Help Celebrate Two Bloggy Birthdays
I just got a comment on the Grayson Daughters’s Off the Bus blog from Amani Channel, whose MyUrbanReport blog recently had its first birthday. Channel probably has been the most active and talented and consist citizen/professional video blogger on the Internet and will be an Off the Bus reporter. Of course, I especially like his video on citizen journalism that he did with this professor I know.
The second birthday, really is a birthday as in brand new as in just gave birth to this blog. It’s called Serial Consign, the name of which I don’t really understand, and it is written by Greg J. Smith, who recently completed his Masters of Architecture at the Faculty of Architecture, Landscape, and Design at the University of Toronto. A few months ago I blogged about his thesis research project, Movable Parts: The Retooling of the Los Angeles Times and read his paper which is fascinating. But it, as well as his blog, will test both sides of your brain and link you to places like ffffound, which seems to have no practical use, but helps you see the most remarkable graphics on the net. Hey, Greg, what does Serial Consign mean? Also Greg, where is the link to Movable Parts. I have a pdf saved to my computer, but can no longer find the link on the Internet.
Happy Birthday Amani and Greg, help them celebrate by visiting their sites.
August 30th, 2007 at 11:48 pm
Hi Leonard,
In answer to your pressing questions:
1)The definition of Serial Consign stems from a closed down design studio I always biked by when I lived in L.A years back. The signage for the store had used to read “Concept and Design” but somebody blacked out parts of the text so it read “Con and Sign” This kind of became my design mantra, and I tend to repeat myself so the serialism came rather naturally.
2)I have no idea of any practical use for ffffound! but I love it for the same reason I love del.icio.us
My blog isn’t technically new, but the venture to get all my thesis research online is. The reason that the PDF is offline is that I’m currently blogifying it and all the work that followed it.
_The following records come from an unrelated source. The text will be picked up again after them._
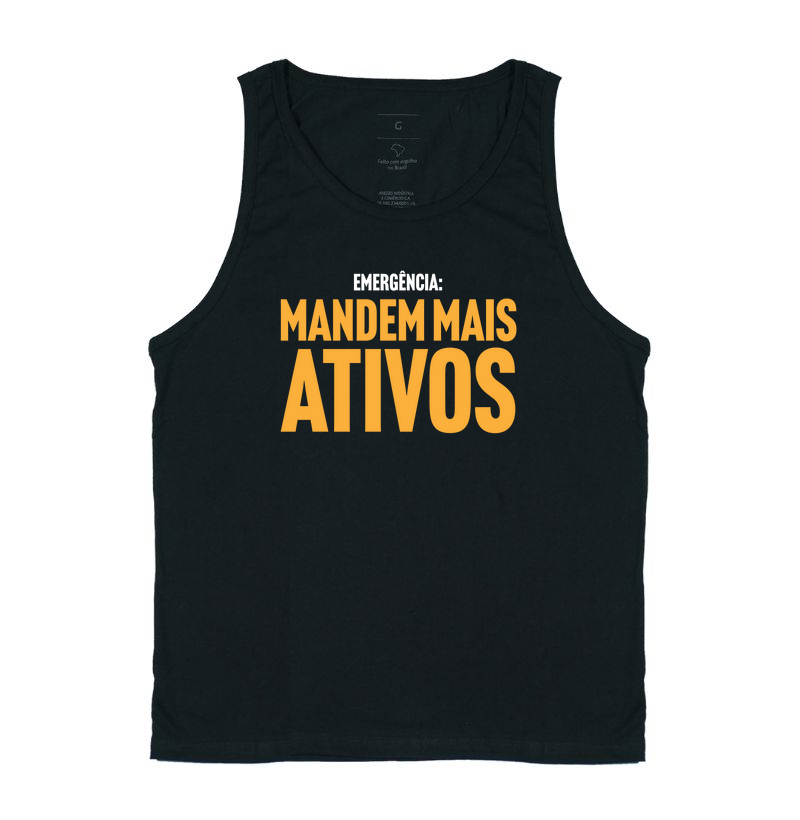 Emergência: Mandem mais ativos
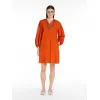 麦丝玛拉/Max Mara [MIKI] 棉府绸V领连衣裙 9226164106041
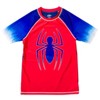 Marvel Avengers Hulk Spider-Man Boys Rash Guard and Swim Trunks Outfit Set Toddler to Big Kid - 4 of 4
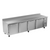 Victory VWR119HC 118.88" W 4 Doors Stainless Steel Exterior Worktop Refrigerated Counter - 115 Volts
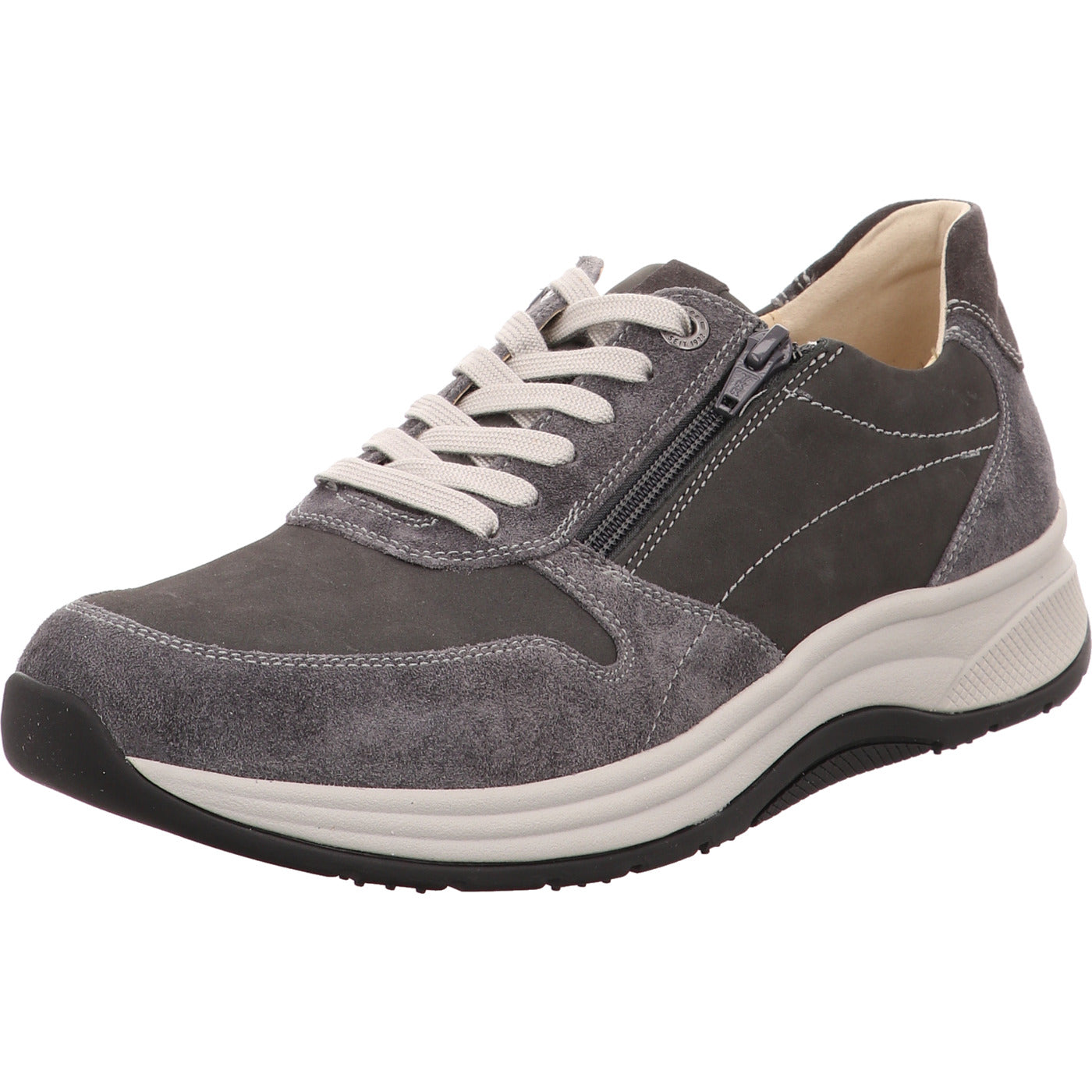 Ganter Schnürschuh grau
I’m hoping to get everything online via a series of posts over the next four months or so..
Here is the first post in the series and some older related posts on visualizing the news and citizen journalism
Thanks for linking to my work Leonard!
August 31st, 2007 at 10:00 am
Ooops, Smith’s citizen journalism reference has a bad link, it should be:
crowdsourced journalism = http://www.serialconsign.com/node/82
August 31st, 2007 at 4:35 pm
Thanks as always. I just found out I’m going to be a panelist at next years’ UNITY conference in Chicago. It’s a gathering of all the “minority” journalism organizations. The panel is about citizen journalism & hyper local reporting.